#### WORK ITEM:
The lines to transcribe run from the top of the material below to the line with "Louis Vuitton Brazza", inclusive. Leave the pictures behind.

#### TASK DATA:
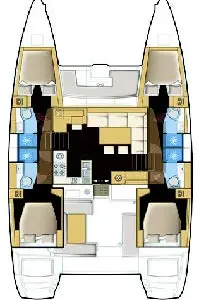 Floor plan of Nada, a Lagoon 450 catamaran at Seget Donji, Croatia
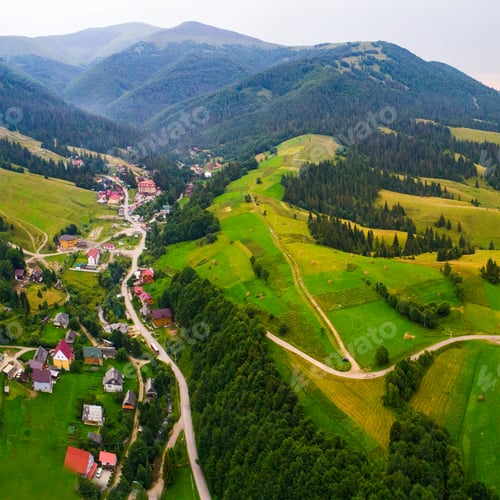 Preview: Forests, Meadows And Hills Of The Carpathian Mountains Taken With Drone, Ukraine
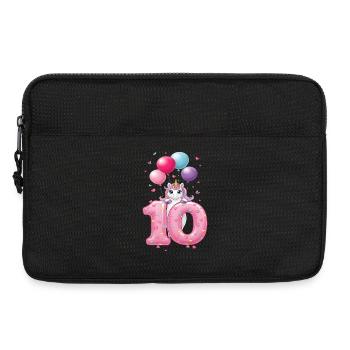 10e anniversaire de la fille Licorne mignonne 10e - Sacoche pour ordinateur portable 13 pouces - noir - Devant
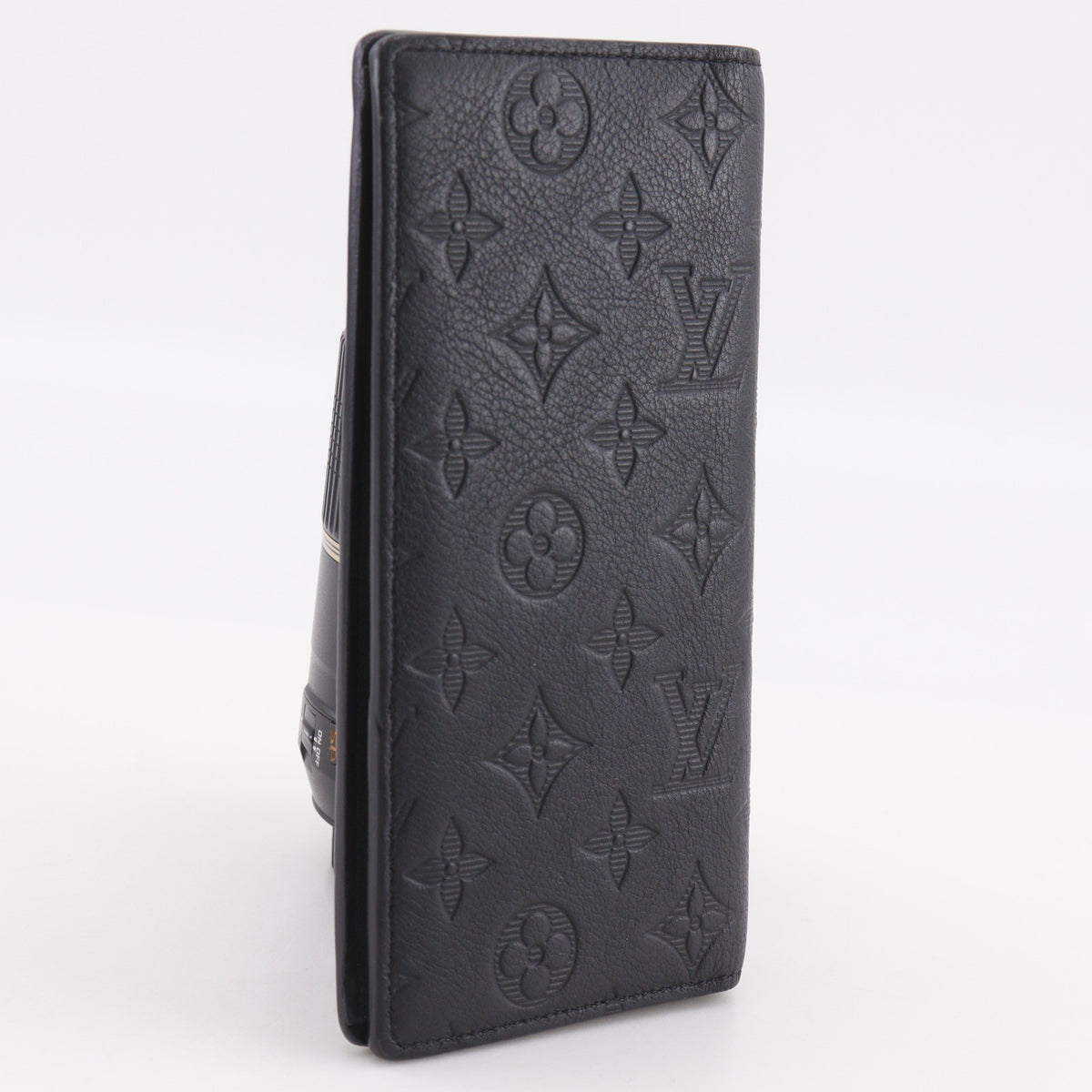 Louis Vuitton Brazza Monogram Shadow Leather Black Leather Wallets Accessory (Pre-Owned)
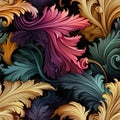 Acanthus leaves seamless foliage pattern, medieval vintage style, painted baroque botanical leaves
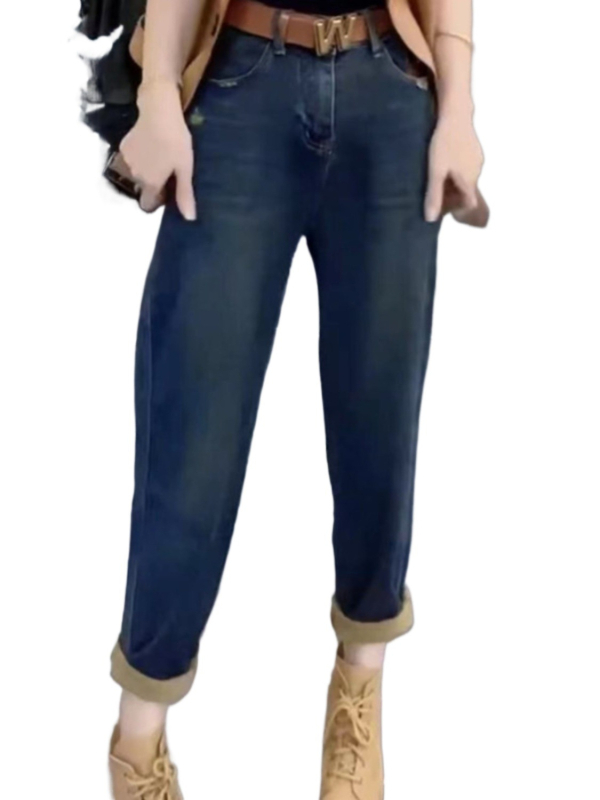 Denim hlače s visokim strukom, harém stil, dužina 9/10, gusta tkanina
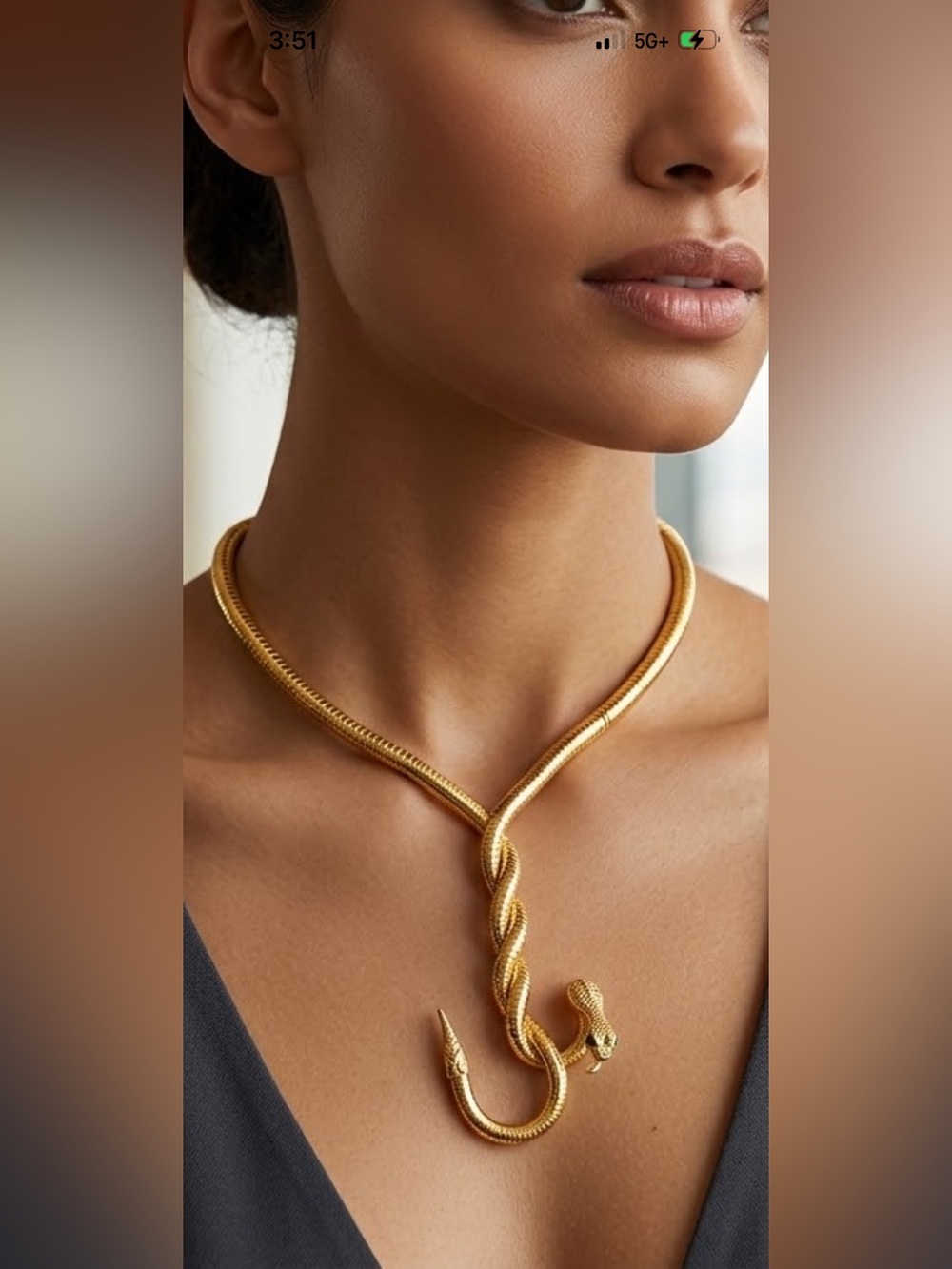 Gold Tone Bendable 36”L Snake Chain Necklace / Moldable Serpent Wrap NWOT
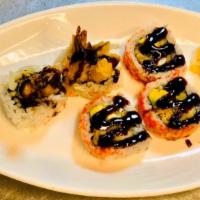 Shrimp Tempura Roll (5 Pcs) · Most popular. Lightly battered fried shrimp, cucumber, and avocado with caviar.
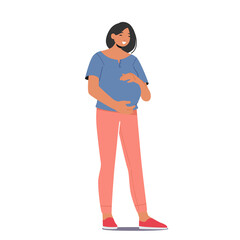 Asian Pregnant Woman, Beautiful Smiling Girl with Big Belly. Pregnancy, Maternity and Motherhood Concept. Young Mother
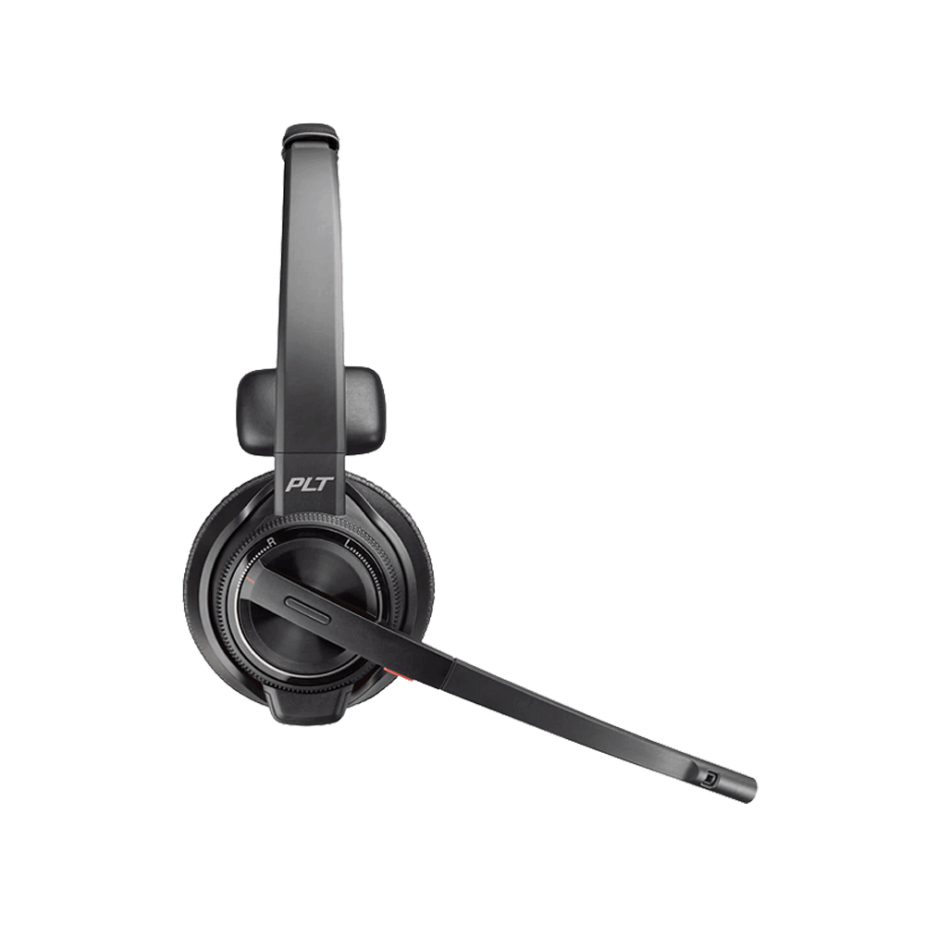Elevate Technology black Poly Savi 8210 single-ear wireless headset with an adjustable microphone boom.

#### ANSWER SECTION:
 Floor plan of Nada, a Lagoon 450 catamaran at Seget Donji, Croatia
 Preview: Forests, Meadows And Hills Of The Carpathian Mountains Taken With Drone, Ukraine
 10e anniversaire de la fille Licorne mignonne 10e - Sacoche pour ordinateur portable 13 pouces - noir - Devant
 Louis Vuitton Brazza Monogram Shadow Leather Black Leather Wallets Accessory (Pre-Owned)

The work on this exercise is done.